══ TASK MATERIAL ══
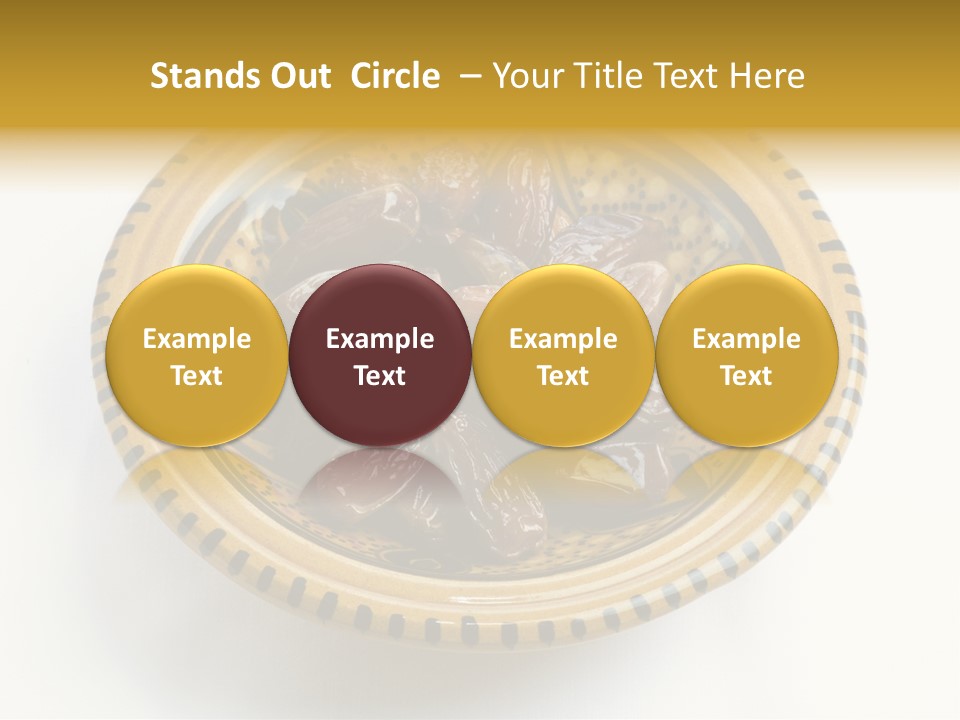 Fitr Africa Dates PowerPoint Template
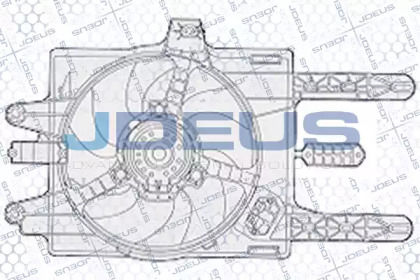 Вентилятор (JDEUS: EV815601)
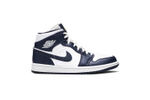 Кроссовки Jordan Air Jordan 1 Mid Obsidian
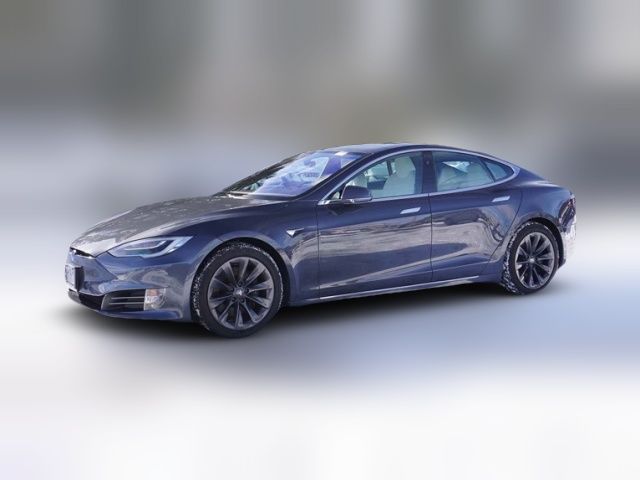 2020 Tesla Model S Long Range Plus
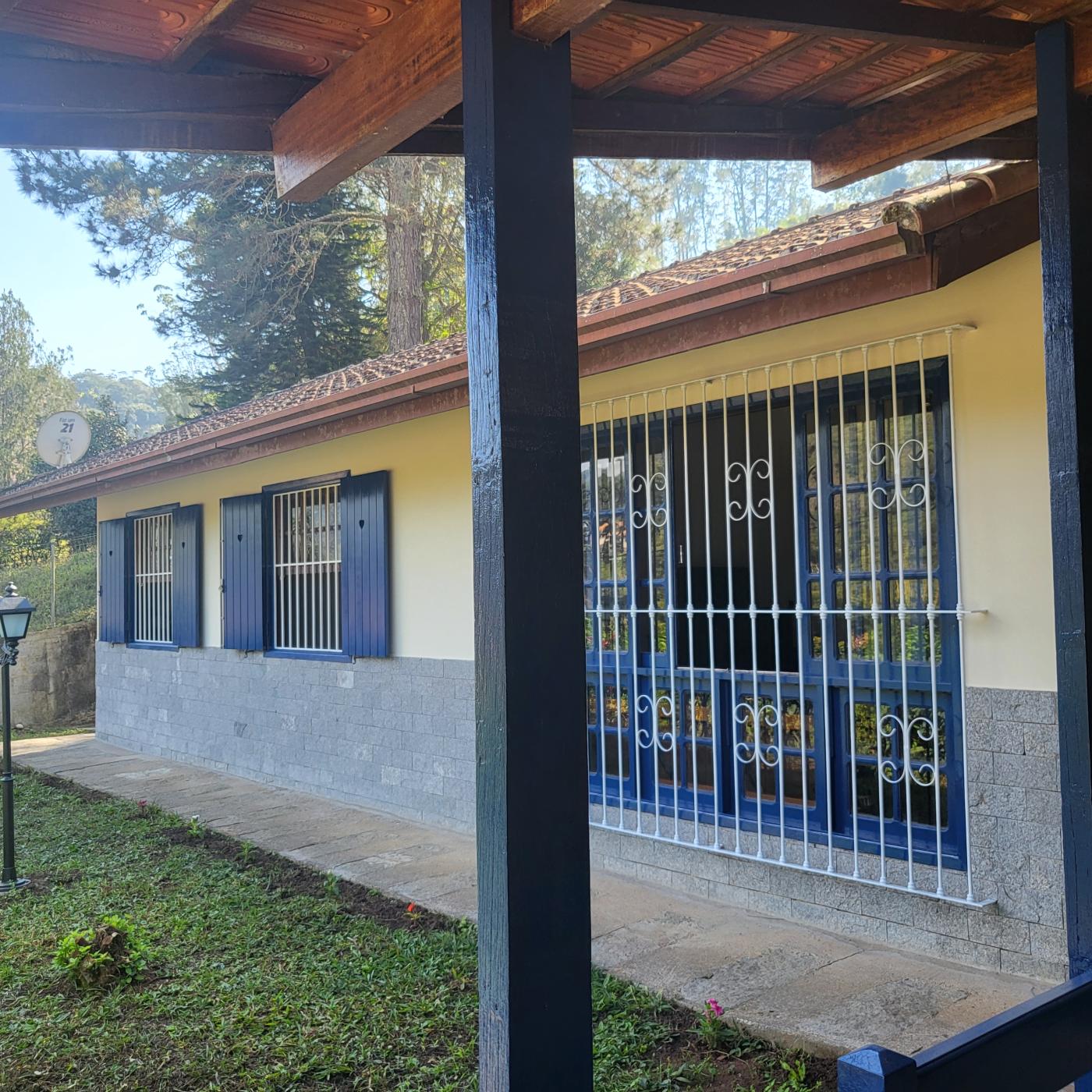 Casa à venda com 2 quartos, 450m² - Foto 2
═══
THE PROBLEM :: Could you transcribe the records above exactly, leaving every picture out?

WORKED SOLUTION ::
 Fitr Africa Dates PowerPoint Template
 Вентилятор (JDEUS: EV815601)
 Кроссовки Jordan Air Jordan 1 Mid Obsidian
 2020 Tesla Model S Long Range Plus
 Casa à venda com 2 quartos, 450m² - Foto 2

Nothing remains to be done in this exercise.